In M&A, it is best to execute quickly but for 1 critical workstream
Assimilate, don’t just integrate
I believe M&A deals focus on successful integration but not complete assimilation. Let me explain.
Synonyms for integration include assimilation but also addition and combination.
Synonyms for assimilation include integration but also the words absorption and adaptation and incorporation and adjustment and acclimatization. Those are juicy words that go way beyond the meaning of integration.
The idea of adding two companies together, or combining two companies, does not invoke the visceral reaction that absorption and adaptation do, in my opinion.
Research says that M&A’s often fail. But what do they fail at exactly? Who defines success or failure? Do they fail at legally combining two companies – or whatever legal deal structure they intended? Not typically. Do they fail at achieving synergies? Probably often. Do they fail at integration? That depends on whether the goal is to add / combine or to adapt / acclimatize. I would imagine the real goal is capturing sustained value. It is hard to prove though since less than 45% carry out formal post-deal reviews – so how can they truly know?
What about success or failure from the employee’s point of view?
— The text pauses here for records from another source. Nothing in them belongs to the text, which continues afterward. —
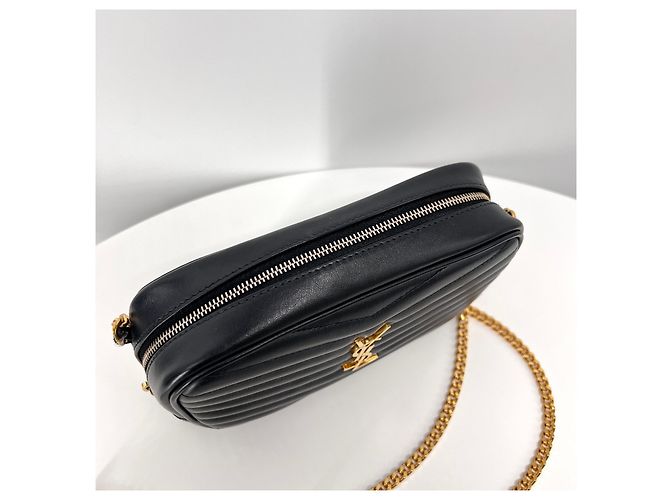 Saint Laurent Borsa a tracolla trapuntata con catena Nero - vista 7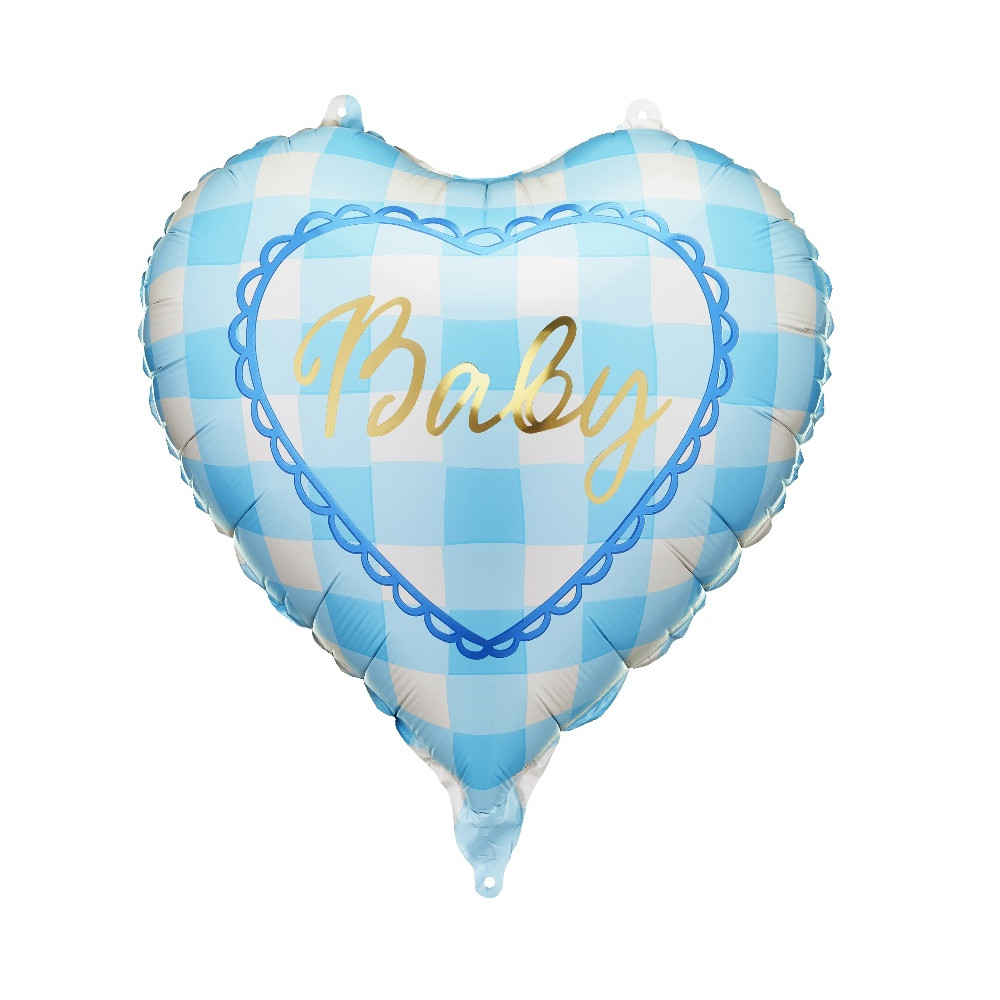 Balon foliowy Serce Baby - niebieski 35 cm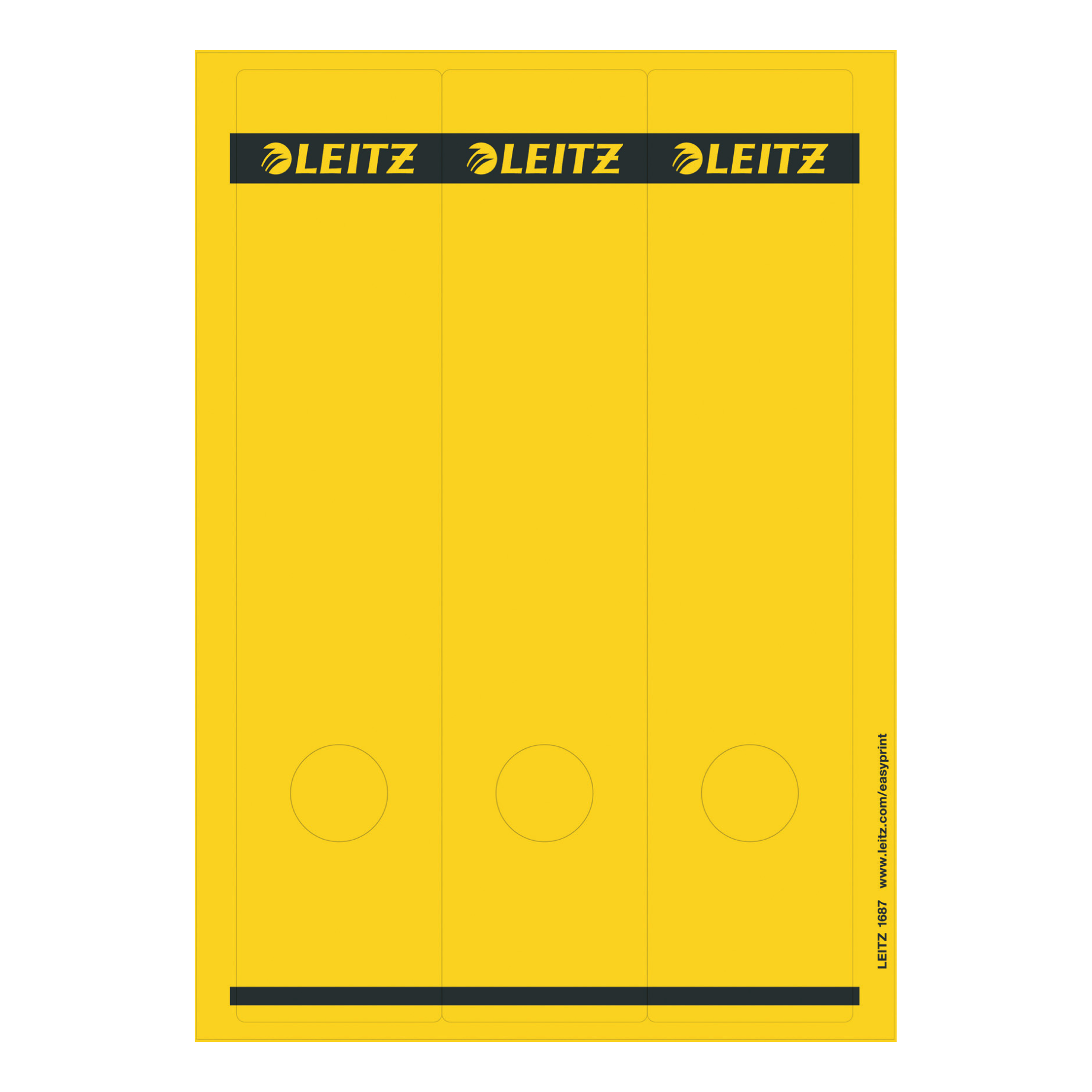 PC-beschriftbares Ordner-Rückenschild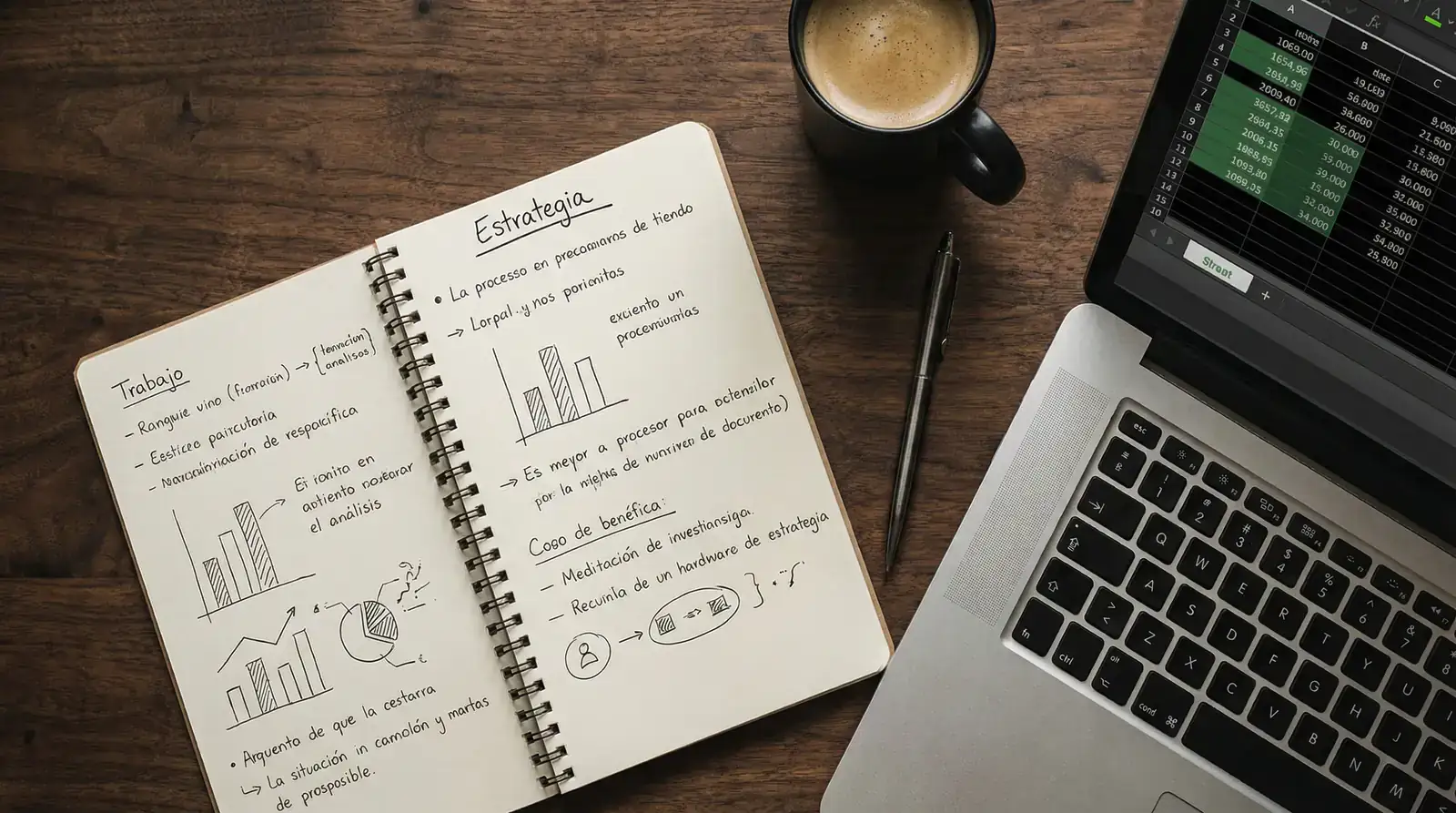 Analista revisando datos y estadísticas de college football para una estrategia de apuestas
If you queried the employees post integration, they would likely mark the deal as a failure or, at least not successful yet.
According to American University, 59% of M&A deals failed to add value after three years and the average return was negative 17%. 83% of the deals failed to increase shareholder value according to KPMG. And 90% of business leaders involved in major acquisitions said their deals failed to achieve their original objectives per the Hay Group and La Sorbonne.
M&A integration is messy and risky and chaotic. The experts agree that a good plan and an experienced, appropriately staffed team can execute core integration workstreams quickly and efficiently. What takes longer, much longer yet delivers THE value of the deal, is true culture change. The typical workstreams in the Integration Management Office (IMO) include Legal, Human Resources, IT, Sales, and Marketing. But if most deals target either transformation or absorption or the best of both or even autonomy, we must deliver beyond the nuts and bolts of integration or what I refer to as the foundational plumbing. Of course, we must get employees onto one email and pay system and into one knowledge base and on the same benefits. We must simplify the IT application architecture and protect the brand and prepare the sales teams with the ability to cross-sell new products and services.
But we rarely go beyond those basic infrastructure necessities – those activities are critical yet don’t drive long term value.
Culture and performance are linked
Culture is broadly defined as the shared attitudes, behavioral patterns, and values that cohesive human groups pass on from one generation to the next.
In the case of a larger established company buying a start up company, you might be looking at a scenario where the future company needs to reconcile:
Agility without sacrificing robustness
Creativity without foregoing consistency
Agency without endangering outcomes
Speed without losing sight of purpose
In the same KPMG research paper cited above, we learn that deals were 26% more likely than average to be successful if they focused on resolving cultural issues, and those acquirers who left cultural issues until the post-deal period severely hindered their chance of deal success compared with those who dealt with them early in the process.
What if we invested in the Organization Change Management and Culture Assimilation Workstream from Day 1 until we achieved predefined targets that prove: absorption and adaptation and incorporation and adjustment and acclimatization? This means the workstream remains, in some capacity, for a period of 12 – 18 months beyond the formal IMO with the objective of capturing sustained value.
It is common to assign culture to the HR workstream. It is also common to include leaders from both companies to serve on the team to address culture risks and opportunities. IMO’s often conduct culture assessments to uncover significant culture and operational risks to closing the deal, but not looking beyond that.
That just isn’t enough if you want to avoid long-term issues with low morale, high undesirable attrition, inefficient or ineffective ways of working and employees who lose their sense of belonging in the new company.
There is a popular phrase that emphasizes the importance of investing in the culture workstream: If we don’t do a good job of managing our culture, the culture will do a poor job of managing us (potentially adapted from Business theorist and psychologist Edgar Schein’s quote).
I say, we are not ‘completing’ the deals. We stand down the Integration Management Office and turn over the reins too soon. When the wounds are still raw, and the shock has not worn off, the work stream leads return to business as usual. We fall short of achieving objectives because we pull the plug too soon.
Employees love being well-led. So, let’s deliver for them and make sure we finish what we started.